▶ BRIEF:
Two lines below mark the span: the one containing "Drimwell Banda Nasal Adulto 10Un" and the one containing "Fruit Lip Oil". Set down both, plus every line between, exactly as they stand, and nothing else.

▶ RECORDS:
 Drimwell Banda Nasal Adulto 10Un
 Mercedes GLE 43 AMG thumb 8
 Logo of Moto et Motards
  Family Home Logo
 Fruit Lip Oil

==

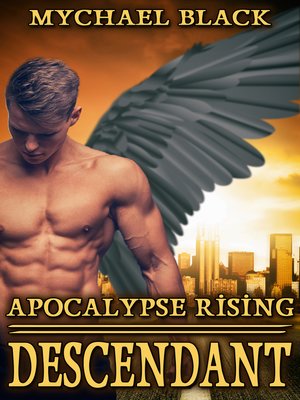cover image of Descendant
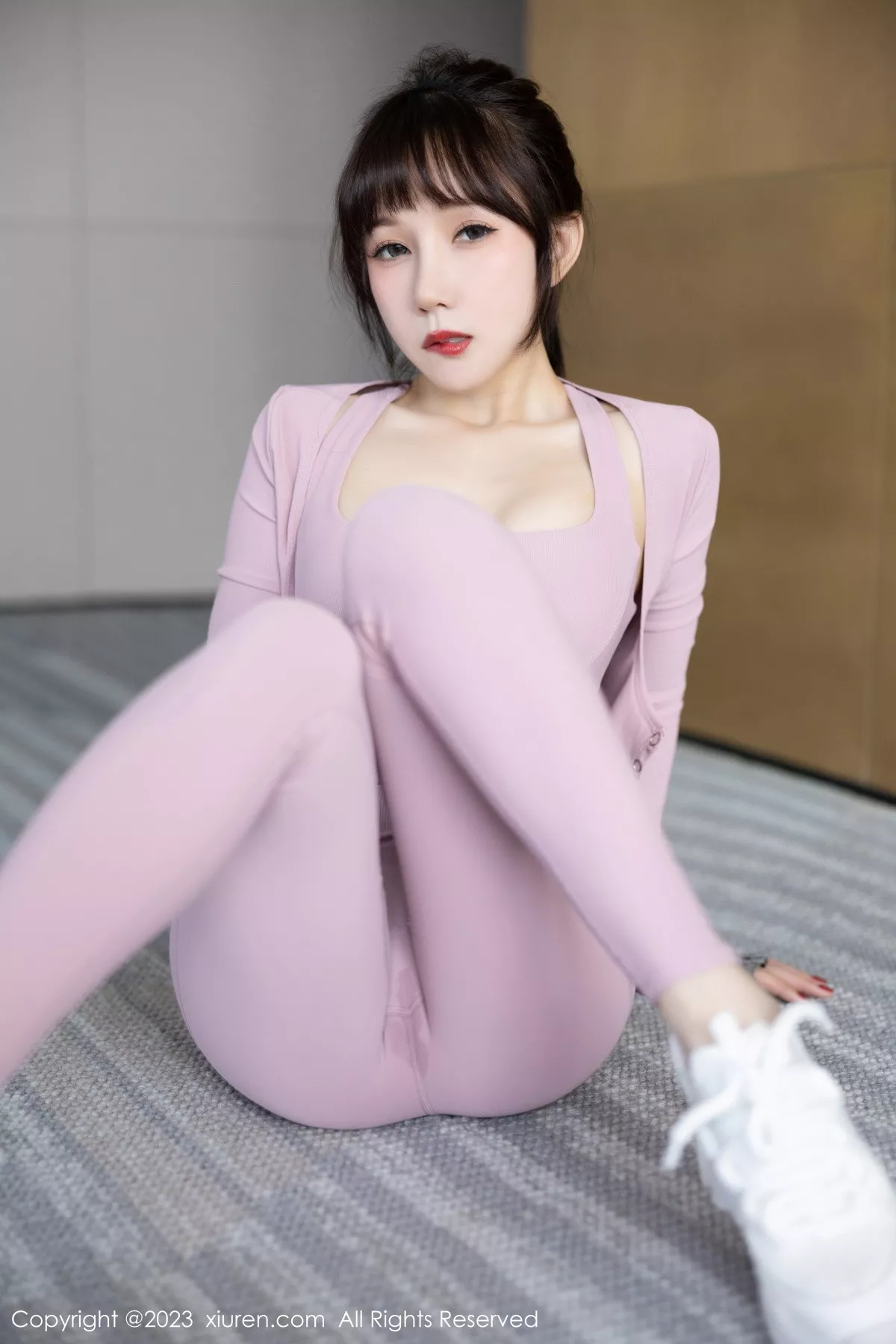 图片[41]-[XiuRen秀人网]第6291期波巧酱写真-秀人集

...

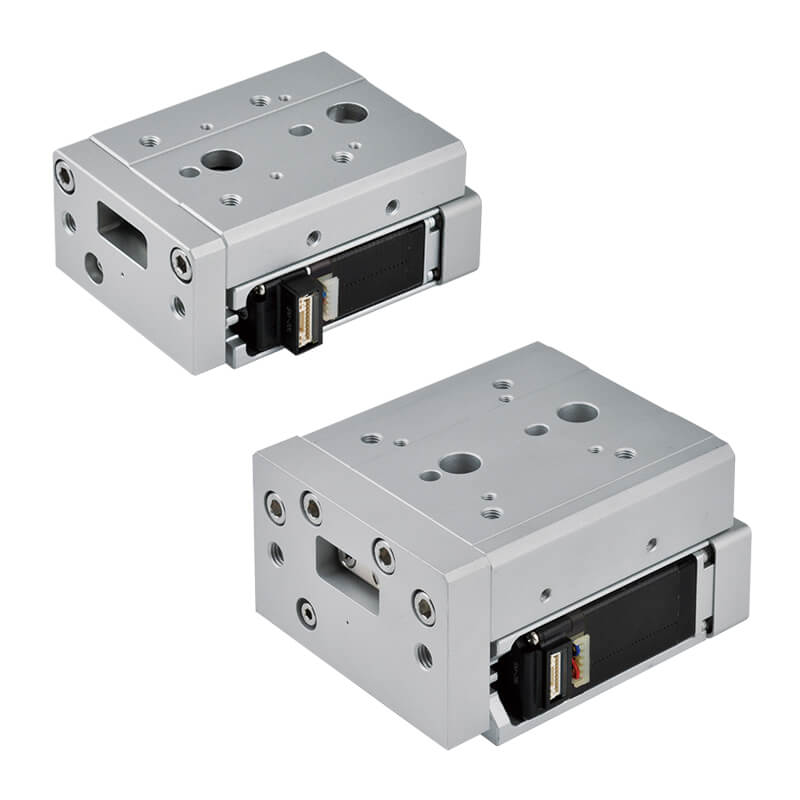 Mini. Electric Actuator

▶ RESULT OF THE EXERCISE:
 Drimwell Banda Nasal Adulto 10Un
 Mercedes GLE 43 AMG thumb 8
 Logo of Moto et Motards
  Family Home Logo
 Fruit Lip Oil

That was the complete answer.